DYNAMIC RECONFIGURABLE LIFTING-BASED WAVELET PACKET PIPELINE PROCESSOR FOR REAL-TIME AUDIO APPLICATION

Alexey Petrovsky, Maxim Rodionov, Alexander Petrovsky

Department of Computer Engineering, Belarusian State University of Informatics and Radioelectronics

6, P. Brovky str., 220013, Minsk, Belarus

phone: + (375-17) 293-23-40, fax: + (375-17) 331-09-14, email: palex@bsuir.by

web: www.bsuir.by

ABSTRACT

In this paper, dynamic algorithm transforms (DAT) for reconfigurable real-time audio application based on the adaptive wavelet packet (WP) decomposition are presented. DAT techniques is to constrain a minimum cost sub-band decomposition of wavelet transform by maximizing the minimum masking threshold (which is limited by the perceptual entropy) in every sub-band for the given embedded processor architecture and temporal resolution. The processor architecture is based on the implementation of the wavelet transform by means of its factoring into lifting steps. Practical reconfiguration strategies for the given processor are presented.

1. INTRODUCTION

The wavelet packet (WP) as a generalization of the standard wavelet transform provides a more flexible choices for time-frequency (time-scale) representation of signals [1]. In many applications, such as the design of cost-effective real-time multimedia systems and high quality audio transmission and storage.
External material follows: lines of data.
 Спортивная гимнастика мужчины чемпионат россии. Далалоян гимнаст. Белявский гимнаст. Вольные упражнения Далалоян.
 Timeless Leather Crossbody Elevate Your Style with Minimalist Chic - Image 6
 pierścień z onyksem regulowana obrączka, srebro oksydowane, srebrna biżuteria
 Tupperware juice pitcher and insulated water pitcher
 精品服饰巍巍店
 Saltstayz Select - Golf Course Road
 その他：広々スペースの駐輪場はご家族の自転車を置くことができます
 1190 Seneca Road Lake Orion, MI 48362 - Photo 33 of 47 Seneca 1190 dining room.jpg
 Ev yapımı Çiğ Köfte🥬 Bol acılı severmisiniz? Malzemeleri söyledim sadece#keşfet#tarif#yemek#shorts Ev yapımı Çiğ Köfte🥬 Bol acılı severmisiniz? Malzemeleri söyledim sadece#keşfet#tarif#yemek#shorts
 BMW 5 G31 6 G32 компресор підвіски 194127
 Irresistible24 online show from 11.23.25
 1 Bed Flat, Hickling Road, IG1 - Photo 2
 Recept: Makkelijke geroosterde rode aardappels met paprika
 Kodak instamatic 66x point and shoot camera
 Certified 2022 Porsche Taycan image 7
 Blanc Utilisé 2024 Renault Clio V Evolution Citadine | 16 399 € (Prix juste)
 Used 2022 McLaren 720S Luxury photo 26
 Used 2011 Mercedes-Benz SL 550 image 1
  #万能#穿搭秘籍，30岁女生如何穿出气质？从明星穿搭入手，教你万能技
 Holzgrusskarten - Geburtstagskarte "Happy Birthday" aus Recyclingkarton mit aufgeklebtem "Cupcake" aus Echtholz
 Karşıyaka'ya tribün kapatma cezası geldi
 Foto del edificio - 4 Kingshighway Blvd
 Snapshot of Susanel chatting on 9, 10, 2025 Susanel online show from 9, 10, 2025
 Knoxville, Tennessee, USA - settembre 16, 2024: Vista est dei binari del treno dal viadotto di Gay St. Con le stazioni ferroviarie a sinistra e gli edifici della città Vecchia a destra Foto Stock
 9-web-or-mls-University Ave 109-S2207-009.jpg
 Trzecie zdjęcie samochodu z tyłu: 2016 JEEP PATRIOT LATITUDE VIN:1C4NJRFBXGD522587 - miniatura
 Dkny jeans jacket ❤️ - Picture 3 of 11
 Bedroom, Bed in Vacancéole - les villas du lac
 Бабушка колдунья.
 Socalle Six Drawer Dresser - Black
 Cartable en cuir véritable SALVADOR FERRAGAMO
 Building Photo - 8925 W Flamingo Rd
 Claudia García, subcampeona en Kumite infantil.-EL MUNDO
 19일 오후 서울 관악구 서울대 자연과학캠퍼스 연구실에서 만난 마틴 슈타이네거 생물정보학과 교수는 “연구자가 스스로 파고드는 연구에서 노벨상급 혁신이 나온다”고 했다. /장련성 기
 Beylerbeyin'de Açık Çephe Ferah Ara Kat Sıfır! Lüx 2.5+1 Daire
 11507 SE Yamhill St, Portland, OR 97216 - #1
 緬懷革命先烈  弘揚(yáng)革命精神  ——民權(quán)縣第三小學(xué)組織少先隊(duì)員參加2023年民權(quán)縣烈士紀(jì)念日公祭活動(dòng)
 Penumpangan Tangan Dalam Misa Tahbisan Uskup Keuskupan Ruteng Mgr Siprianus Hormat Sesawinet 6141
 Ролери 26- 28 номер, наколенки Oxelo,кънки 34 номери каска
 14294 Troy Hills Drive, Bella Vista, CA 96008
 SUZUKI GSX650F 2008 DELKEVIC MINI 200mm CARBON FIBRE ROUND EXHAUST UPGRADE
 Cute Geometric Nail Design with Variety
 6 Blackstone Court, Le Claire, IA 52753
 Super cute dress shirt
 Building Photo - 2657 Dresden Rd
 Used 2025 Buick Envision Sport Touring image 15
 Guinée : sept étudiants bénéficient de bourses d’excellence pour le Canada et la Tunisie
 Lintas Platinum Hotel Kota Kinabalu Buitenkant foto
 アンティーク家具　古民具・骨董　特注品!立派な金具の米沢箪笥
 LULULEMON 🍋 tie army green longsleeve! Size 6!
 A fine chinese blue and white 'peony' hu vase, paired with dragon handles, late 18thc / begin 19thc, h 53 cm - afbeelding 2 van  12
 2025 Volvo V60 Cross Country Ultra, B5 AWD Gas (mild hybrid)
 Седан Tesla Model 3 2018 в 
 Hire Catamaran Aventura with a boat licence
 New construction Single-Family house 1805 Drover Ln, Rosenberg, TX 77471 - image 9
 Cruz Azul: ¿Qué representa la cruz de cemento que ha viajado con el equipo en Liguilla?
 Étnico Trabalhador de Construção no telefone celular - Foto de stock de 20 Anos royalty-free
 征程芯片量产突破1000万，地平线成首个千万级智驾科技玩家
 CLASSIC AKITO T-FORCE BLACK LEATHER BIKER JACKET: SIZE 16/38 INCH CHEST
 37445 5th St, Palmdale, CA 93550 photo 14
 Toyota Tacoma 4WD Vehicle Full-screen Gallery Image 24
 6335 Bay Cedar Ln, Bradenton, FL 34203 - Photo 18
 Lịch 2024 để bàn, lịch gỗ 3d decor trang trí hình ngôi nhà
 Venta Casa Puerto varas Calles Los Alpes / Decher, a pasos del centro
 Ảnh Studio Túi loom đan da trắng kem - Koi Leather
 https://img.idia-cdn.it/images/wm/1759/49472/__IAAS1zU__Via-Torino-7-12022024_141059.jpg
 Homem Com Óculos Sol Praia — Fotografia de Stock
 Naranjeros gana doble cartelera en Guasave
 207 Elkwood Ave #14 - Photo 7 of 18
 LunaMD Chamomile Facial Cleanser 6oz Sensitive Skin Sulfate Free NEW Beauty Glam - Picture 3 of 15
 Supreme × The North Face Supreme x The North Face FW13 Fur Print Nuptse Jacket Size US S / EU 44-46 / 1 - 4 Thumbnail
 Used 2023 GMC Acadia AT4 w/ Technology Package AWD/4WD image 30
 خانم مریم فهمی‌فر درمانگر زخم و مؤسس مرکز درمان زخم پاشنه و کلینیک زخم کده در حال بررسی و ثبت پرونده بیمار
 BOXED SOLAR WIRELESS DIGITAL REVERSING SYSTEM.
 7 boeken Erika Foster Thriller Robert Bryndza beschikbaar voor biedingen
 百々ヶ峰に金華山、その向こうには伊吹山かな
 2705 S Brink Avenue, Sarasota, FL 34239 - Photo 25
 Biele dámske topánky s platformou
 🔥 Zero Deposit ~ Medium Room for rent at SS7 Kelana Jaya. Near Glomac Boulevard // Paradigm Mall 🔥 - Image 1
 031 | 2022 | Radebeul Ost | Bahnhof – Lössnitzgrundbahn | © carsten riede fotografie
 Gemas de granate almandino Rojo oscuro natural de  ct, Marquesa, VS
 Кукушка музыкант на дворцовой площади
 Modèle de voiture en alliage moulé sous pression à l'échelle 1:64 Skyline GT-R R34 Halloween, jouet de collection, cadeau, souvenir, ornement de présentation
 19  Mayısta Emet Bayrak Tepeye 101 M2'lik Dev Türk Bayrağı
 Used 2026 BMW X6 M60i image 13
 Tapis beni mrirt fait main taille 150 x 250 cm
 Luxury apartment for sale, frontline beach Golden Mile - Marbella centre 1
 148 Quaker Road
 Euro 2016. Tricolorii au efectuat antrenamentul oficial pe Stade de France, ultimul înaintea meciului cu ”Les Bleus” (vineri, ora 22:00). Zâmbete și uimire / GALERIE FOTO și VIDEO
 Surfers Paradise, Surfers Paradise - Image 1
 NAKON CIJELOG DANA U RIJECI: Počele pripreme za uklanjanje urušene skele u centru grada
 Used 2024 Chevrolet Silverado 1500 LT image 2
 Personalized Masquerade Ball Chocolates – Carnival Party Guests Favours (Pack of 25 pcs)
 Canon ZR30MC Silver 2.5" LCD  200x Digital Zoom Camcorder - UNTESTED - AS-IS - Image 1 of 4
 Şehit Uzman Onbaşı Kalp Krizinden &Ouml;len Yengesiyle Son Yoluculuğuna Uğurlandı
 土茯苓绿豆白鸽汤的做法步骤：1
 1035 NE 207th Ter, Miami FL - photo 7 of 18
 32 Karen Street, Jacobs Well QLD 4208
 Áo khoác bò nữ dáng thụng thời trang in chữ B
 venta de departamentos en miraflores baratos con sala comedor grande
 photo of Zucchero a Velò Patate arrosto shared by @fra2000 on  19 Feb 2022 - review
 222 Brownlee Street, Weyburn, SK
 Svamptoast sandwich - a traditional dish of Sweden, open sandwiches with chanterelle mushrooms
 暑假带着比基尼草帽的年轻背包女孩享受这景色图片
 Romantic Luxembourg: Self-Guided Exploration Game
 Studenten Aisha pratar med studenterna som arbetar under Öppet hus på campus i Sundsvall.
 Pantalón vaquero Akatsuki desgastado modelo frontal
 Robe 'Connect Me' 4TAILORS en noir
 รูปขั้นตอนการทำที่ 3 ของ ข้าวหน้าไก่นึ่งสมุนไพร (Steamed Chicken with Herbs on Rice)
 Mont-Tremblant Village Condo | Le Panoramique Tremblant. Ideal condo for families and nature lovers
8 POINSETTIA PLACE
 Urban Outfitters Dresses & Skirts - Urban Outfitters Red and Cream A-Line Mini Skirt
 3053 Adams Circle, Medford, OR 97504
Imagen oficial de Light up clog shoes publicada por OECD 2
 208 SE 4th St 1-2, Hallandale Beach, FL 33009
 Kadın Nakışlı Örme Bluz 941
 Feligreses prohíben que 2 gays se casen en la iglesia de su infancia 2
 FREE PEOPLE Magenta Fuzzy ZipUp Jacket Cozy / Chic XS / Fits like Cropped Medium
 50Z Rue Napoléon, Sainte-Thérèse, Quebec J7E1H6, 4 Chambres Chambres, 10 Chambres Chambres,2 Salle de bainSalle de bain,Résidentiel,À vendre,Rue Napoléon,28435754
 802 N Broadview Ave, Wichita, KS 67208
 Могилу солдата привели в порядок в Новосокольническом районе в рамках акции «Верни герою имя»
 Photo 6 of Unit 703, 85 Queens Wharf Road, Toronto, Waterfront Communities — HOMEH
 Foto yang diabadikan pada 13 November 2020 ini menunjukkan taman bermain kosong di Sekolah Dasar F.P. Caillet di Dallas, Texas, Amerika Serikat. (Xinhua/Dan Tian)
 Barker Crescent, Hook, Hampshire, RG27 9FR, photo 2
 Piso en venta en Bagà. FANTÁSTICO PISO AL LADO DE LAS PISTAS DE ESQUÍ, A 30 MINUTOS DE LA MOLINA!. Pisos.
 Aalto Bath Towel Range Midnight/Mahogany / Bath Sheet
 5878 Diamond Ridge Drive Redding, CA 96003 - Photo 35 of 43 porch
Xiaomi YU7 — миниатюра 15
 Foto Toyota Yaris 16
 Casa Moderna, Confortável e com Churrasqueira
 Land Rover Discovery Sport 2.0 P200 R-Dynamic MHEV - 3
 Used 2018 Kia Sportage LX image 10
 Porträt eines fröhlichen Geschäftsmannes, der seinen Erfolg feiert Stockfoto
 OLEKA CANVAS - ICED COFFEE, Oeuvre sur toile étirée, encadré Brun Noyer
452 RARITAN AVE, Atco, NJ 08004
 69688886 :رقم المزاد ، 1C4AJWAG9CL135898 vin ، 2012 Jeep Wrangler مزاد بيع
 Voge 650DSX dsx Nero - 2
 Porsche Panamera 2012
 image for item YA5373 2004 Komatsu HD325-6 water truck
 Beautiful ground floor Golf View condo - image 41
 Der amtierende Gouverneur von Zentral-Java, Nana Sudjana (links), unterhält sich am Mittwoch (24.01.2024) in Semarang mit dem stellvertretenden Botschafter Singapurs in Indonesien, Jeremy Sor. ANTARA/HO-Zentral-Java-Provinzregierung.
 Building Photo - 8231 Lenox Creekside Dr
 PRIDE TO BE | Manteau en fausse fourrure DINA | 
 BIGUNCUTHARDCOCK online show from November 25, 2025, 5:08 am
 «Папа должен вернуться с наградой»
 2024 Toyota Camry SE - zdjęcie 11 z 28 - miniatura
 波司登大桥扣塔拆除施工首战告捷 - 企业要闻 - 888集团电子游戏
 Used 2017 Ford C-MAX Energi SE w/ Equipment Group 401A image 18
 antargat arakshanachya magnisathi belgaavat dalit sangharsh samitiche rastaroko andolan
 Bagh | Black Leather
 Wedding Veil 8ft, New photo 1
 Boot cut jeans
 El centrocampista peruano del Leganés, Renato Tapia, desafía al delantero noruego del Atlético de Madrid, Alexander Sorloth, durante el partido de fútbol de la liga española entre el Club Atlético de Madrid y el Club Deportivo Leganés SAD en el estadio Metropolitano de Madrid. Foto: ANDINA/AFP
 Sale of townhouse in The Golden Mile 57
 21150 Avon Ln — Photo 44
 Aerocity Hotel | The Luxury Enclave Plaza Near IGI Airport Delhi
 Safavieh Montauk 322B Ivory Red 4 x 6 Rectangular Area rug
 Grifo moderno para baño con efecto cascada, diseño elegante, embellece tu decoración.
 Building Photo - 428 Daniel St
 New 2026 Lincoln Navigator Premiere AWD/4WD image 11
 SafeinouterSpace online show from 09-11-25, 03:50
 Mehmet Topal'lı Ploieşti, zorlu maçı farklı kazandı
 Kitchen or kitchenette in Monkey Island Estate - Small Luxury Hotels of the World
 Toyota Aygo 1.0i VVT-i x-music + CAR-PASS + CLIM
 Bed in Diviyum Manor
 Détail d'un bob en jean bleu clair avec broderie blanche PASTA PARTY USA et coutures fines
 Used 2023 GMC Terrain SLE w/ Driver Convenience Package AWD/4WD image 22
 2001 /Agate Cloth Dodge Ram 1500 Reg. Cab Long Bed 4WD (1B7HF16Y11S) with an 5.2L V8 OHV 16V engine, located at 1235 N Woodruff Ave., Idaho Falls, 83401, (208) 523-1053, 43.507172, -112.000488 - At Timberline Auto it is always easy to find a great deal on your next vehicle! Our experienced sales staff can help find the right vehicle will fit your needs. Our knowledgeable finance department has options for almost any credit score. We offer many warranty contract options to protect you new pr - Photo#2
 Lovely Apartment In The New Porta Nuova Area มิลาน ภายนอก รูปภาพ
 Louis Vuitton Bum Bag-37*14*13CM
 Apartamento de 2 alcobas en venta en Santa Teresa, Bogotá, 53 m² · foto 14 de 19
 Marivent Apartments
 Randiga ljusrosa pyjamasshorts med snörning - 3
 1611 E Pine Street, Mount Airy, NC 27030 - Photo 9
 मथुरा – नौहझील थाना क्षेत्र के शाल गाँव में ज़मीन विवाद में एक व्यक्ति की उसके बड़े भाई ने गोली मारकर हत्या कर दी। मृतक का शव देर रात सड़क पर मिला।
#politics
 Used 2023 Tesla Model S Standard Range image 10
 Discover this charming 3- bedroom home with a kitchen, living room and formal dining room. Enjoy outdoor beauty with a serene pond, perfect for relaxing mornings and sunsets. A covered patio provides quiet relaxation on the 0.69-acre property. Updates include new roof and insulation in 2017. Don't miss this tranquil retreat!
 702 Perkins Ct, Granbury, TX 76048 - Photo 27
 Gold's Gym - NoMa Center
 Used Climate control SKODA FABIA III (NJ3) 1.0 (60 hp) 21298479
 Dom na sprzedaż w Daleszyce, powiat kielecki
In parallel to the definition of the ISO/MPEG standards, several audio coding algorithms have been proposed that use the wavelet transform, in particular, adaptive wavelet packet transform, as the tool to decompose the signal [2,3]. In practice, WP are often implemented using a tree-structured filter bank [2-4]. The WP is a set of transformations that admit any type of tree-structured filter bank, that provides a different time-frequency tiling map. Applying the lifting scheme [5-7] for the construction of wavelets filter bank allows significantly reduce the number of arithmetic operations that are necessary to compute the transform.

Algorithm transformation techniques [8,9] such as have been employed in high-speed DSP system design. All of the above mentioned techniques are applied during the VLSI design phase and their implementation is time invariant. Therefore, this class of signal processing techniques is referred as static techniques.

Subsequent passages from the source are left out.